+++ Material for this task

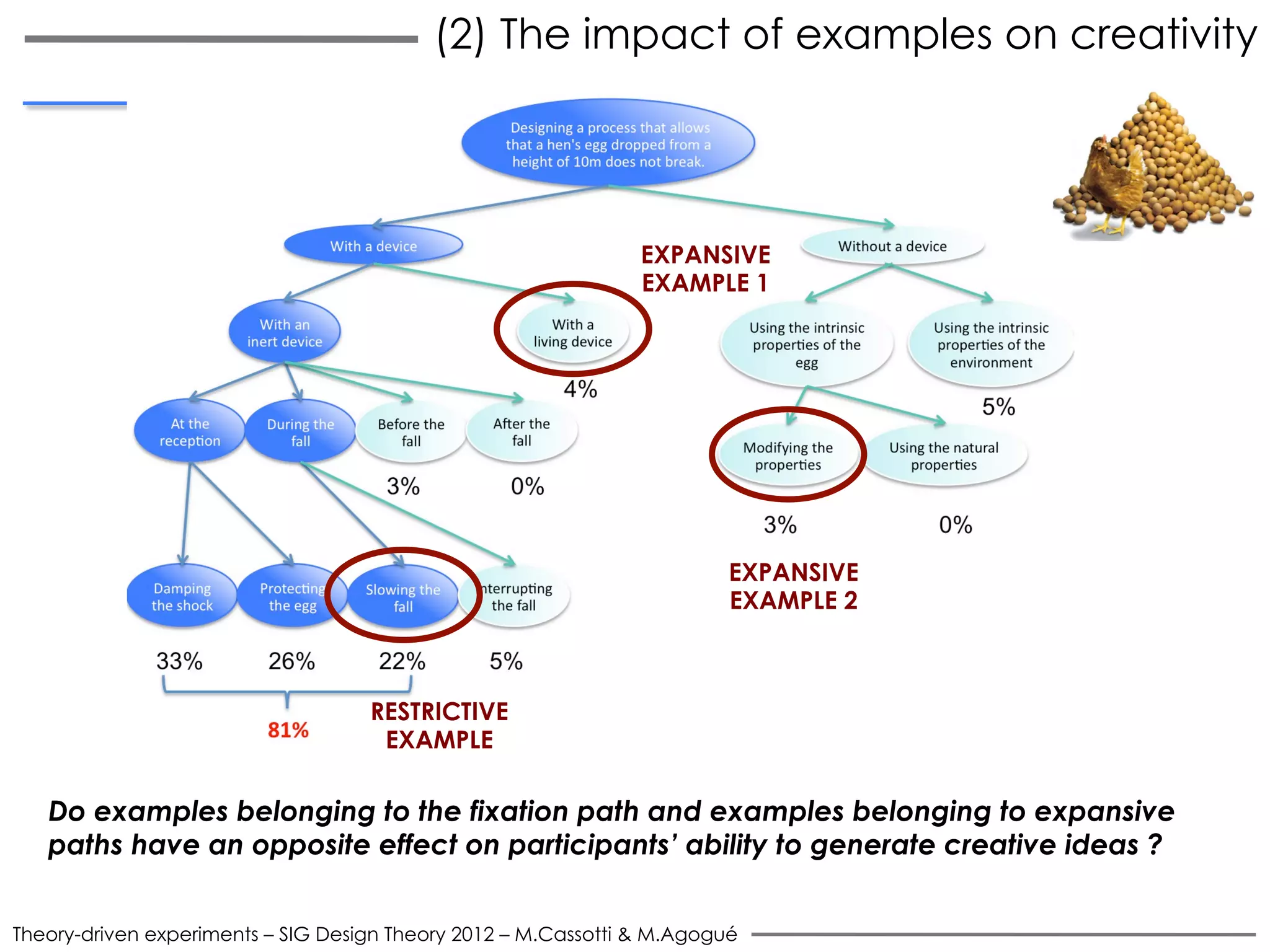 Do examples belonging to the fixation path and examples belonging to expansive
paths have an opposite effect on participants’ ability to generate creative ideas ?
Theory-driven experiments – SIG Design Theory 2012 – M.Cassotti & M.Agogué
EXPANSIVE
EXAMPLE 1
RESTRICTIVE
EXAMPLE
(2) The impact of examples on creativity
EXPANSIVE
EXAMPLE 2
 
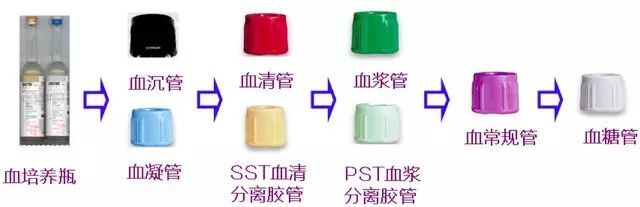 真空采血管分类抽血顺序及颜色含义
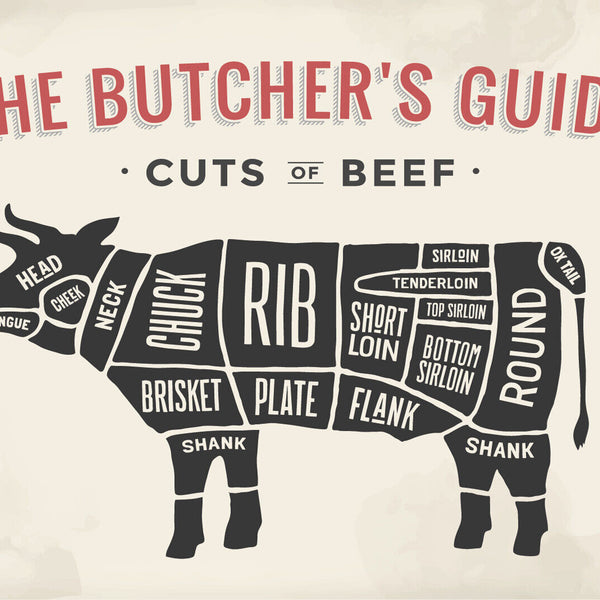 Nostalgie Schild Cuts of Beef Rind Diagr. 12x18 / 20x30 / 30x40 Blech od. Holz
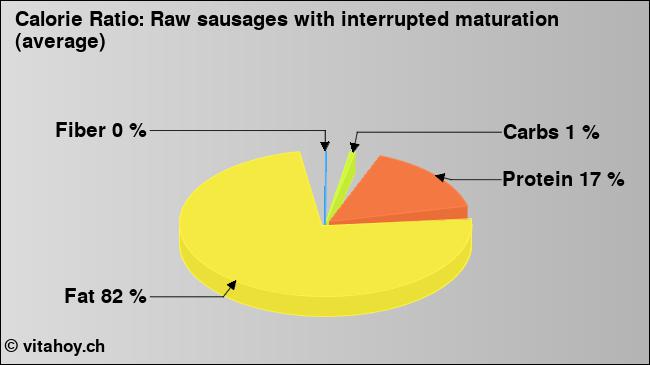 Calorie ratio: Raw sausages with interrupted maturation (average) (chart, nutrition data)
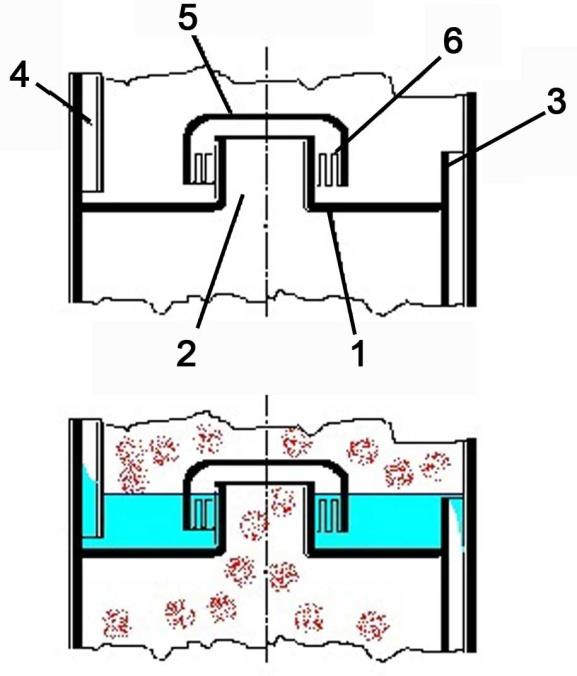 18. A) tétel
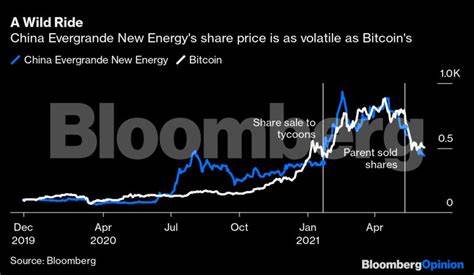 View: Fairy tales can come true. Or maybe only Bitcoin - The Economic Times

++++++

=== Task ===
Each entry must be set down word for word; no image may be carried over.

=== Exercise response ===
 Do examples belonging to the fixation path and examples belonging to expansive
paths have an opposite effect on participants’ ability to generate creative ideas ?
Theory-driven experiments – SIG Design Theory 2012 – M.Cassotti & M.Agogué
EXPANSIVE
EXAMPLE 1
RESTRICTIVE
EXAMPLE
(2) The impact of examples on creativity
EXPANSIVE
EXAMPLE 2
 
 真空采血管分类抽血顺序及颜色含义
 Nostalgie Schild Cuts of Beef Rind Diagr. 12x18 / 20x30 / 30x40 Blech od. Holz
 Calorie ratio: Raw sausages with interrupted maturation (average) (chart, nutrition data)
 18. A) tétel
 View: Fairy tales can come true. Or maybe only Bitcoin - The Economic Times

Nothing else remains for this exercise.